Recently the semisubmersible has become a favorite choice as a wet-tree floating platform supporting steel catenary risers (SCRs), mainly due to its capability of quayside topside integration and cost-effectiveness. However, it is still a challenge for a conventional semisubmersible to support SCRs, particularly large ones, in harsh environment and relatively shallow water due to its large heave motion. To answer this challenge, a new semisubmersible design has been developed at Technip as a wet-tree floater which achieves significantly improved heave motion and vortex-induced-motion (VIM) performance through hull form optimization while maintaining the simplicity of a conventional semisubmersible design. The difference between the HVS semi-submersible design and a conventional semi-submersible design is in the blisters attached to the columns,  distribution of pontoon volume, and pontoon cross section shape. In the HVS semi-submersible design, the pontoon volume is re-distributed to minimize heave loading while maintaining sufficient structural rigidity, a long heave natural period and adequate quayside buoyancy. The blisters attached to the columns effectively breaks the vortex shedding coherence along the column length and therefore suppresses VIM. The blisters also provide much needed stability at quayside and during the hull deployment process, making the hull design less sensitive to topside weight increase. In the present paper the hydrodynamic aspects of this new design are discussed in detail. A benchmark case is presented in which the new design is compared against a more conventional design with the same principal dimensions. A VIM model test and wave basin test for the proposed design have been performed and a summary of the test results will be presented. The reduced heave and VIM significantly improve the riser stress and fatigue near the touchdown point.
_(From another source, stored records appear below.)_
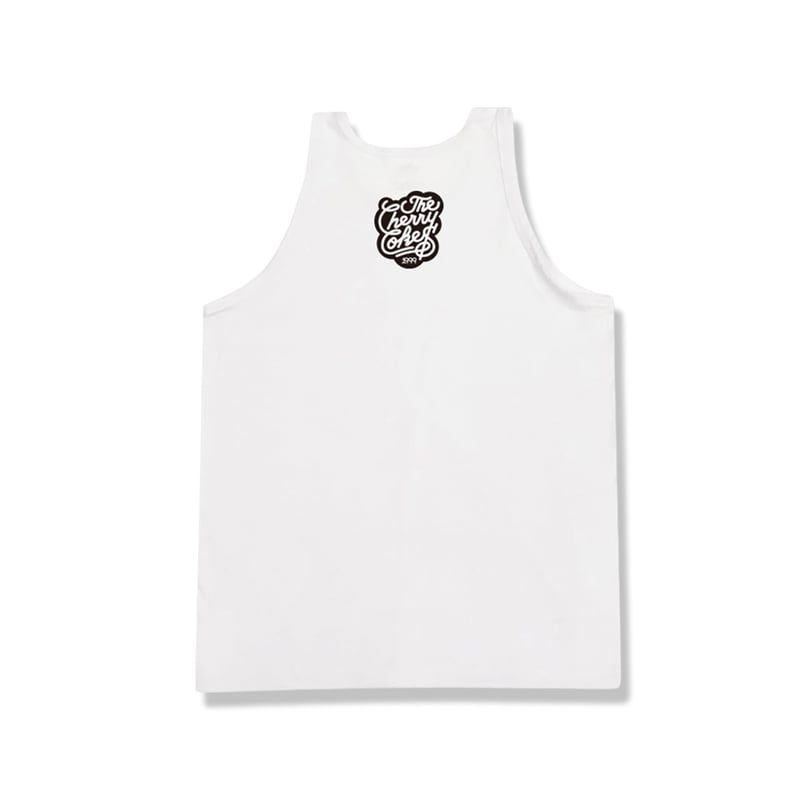 6.0oz TANK TOP | THE CHERRY COKE$ ONLINE SHOP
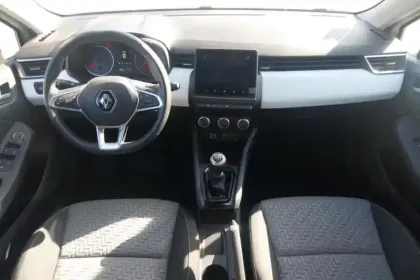 Photo 8 Renault Clio  TCe 90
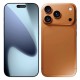 Cover personalizzate per iPhone 17 Pro Max personalizzabile con foto e testo - 
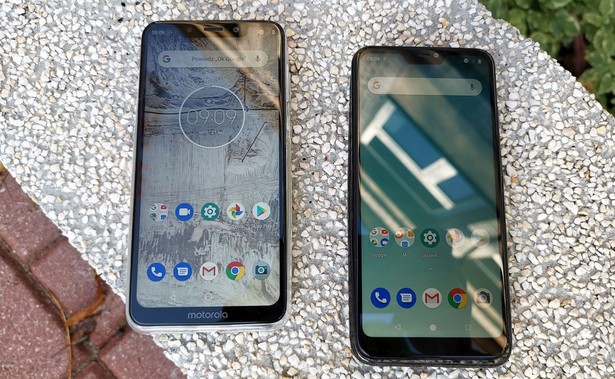 Motorola One kontra Xiaomi Mi A2 Lite, czyli starcie średniaków z czystym Androidem [TESTUJEMY]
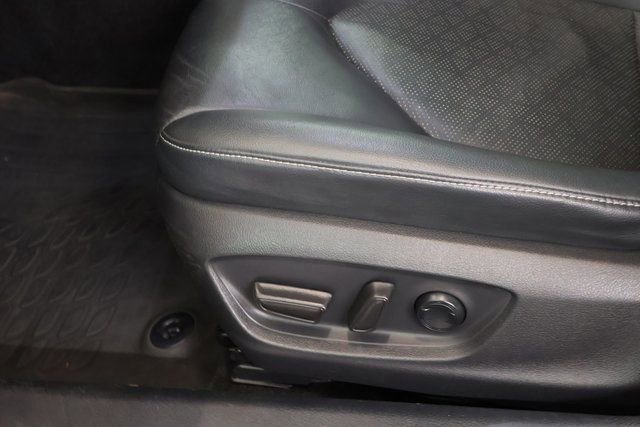 Used 2021 Toyota Camry XSE w/ Navigation Upgrade Package FWD image 14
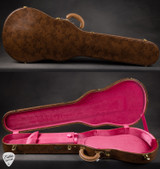 Hardshell case for Gibson Custom Shop Dealer Select '59 Les Paul Standard Reissue Gloss Antiquity Burst Electric Guitar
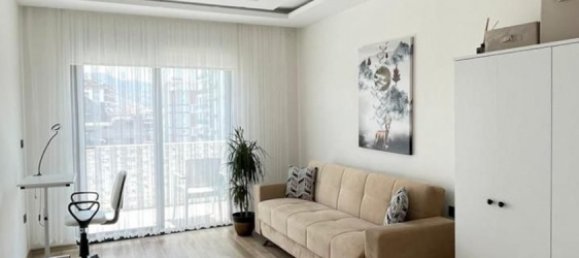 Apartment 3+1 in Alanya, Turkey No. 24244 4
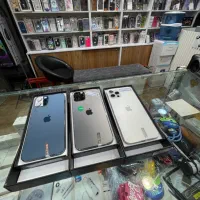 اپل iPhone12Pro Zaa حافظه ۲۵۶گیگ درحدآک|موبایل|مشهد, آزادشهر|دیوار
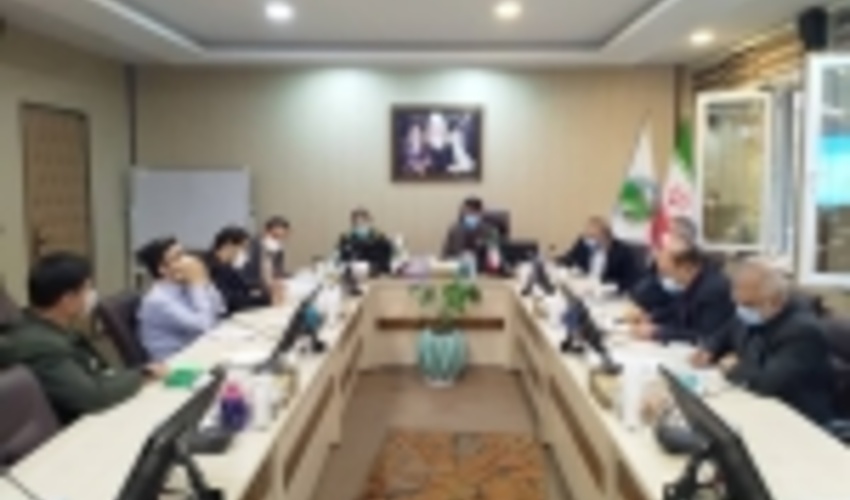 استفاده از ظرفیت‌های بسیج سازندگی در حفاظت از منابع‌طبیعی 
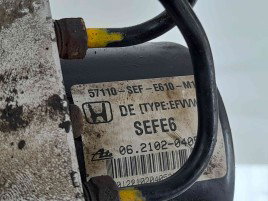 Pompa ABS 062109-06613 062102-04054 57110-SEF-E610-M1 Honda Acord VII [Fabr 2002-2012] 2.2
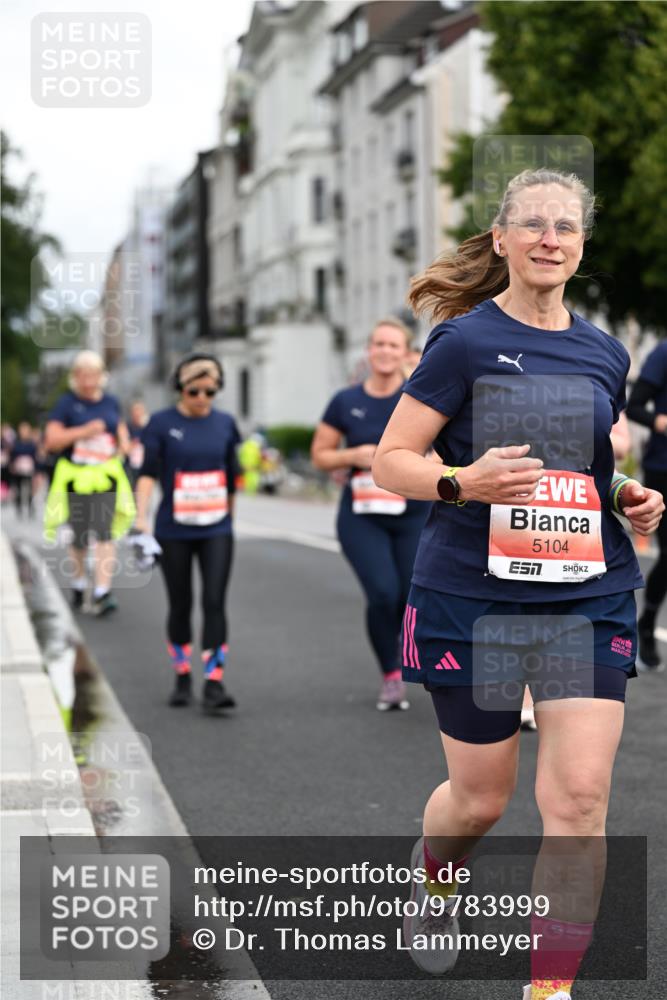 14.06.2026 - REWE Women's Run Dr. Thomas Lammeyer http://msf.ph/oto/9783999 14.06.2026 10:53:15 Laufen 5104 meine-sportfotos.de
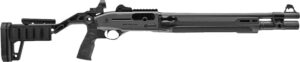 Beretta 1301 Tactical C J131M2CPC18 12 Gauge 18.5in shotgun with black synthetic stock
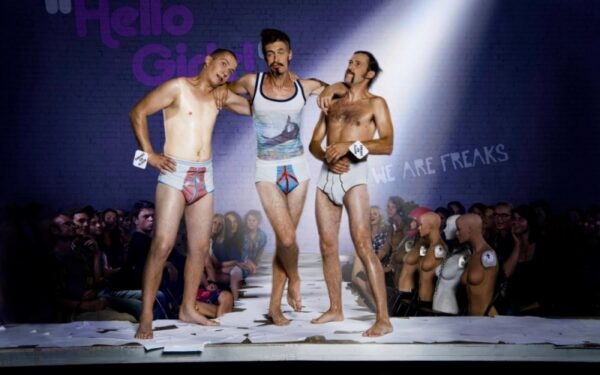 „Positivus“ festivalyje išgirsime ir lietuviško skambesio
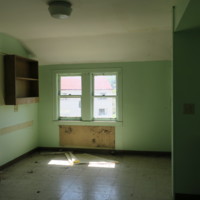 Dorian and Hunt Hall 269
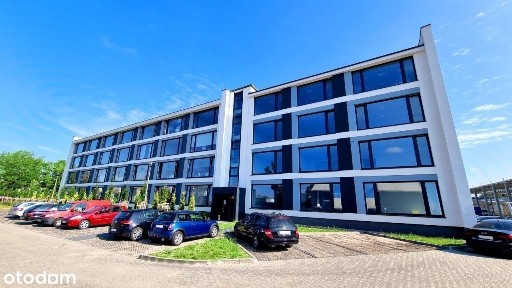 Nowoczesna powierzchnia, 2 biura - 80 m², Św. Michała 100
This new design makes the semisubmersible a more robust wet-tree floater concept, and even a potentially good candidate as a dry-tree host concept in relatively benign environment.

Biography

• B.Sc. in Engineering Mechanics and M.Sc. in Marine Hydrodynamics from Shanghai Jiao-tong University
• Ph.D. in Marine Hydrodynamics from Hiroshima University
• Joined Aker Engineering in 1998
• Currently an Engineering Supervisor with Technip’s Offshore Technical Services.
• Experienced in floating system engineering, particularly in spar projects. Engaged in Technip’s floater concept development and holds several patents in this area. Currently leading Technip’s effort in developing HVS – a low motion semi-submersible design.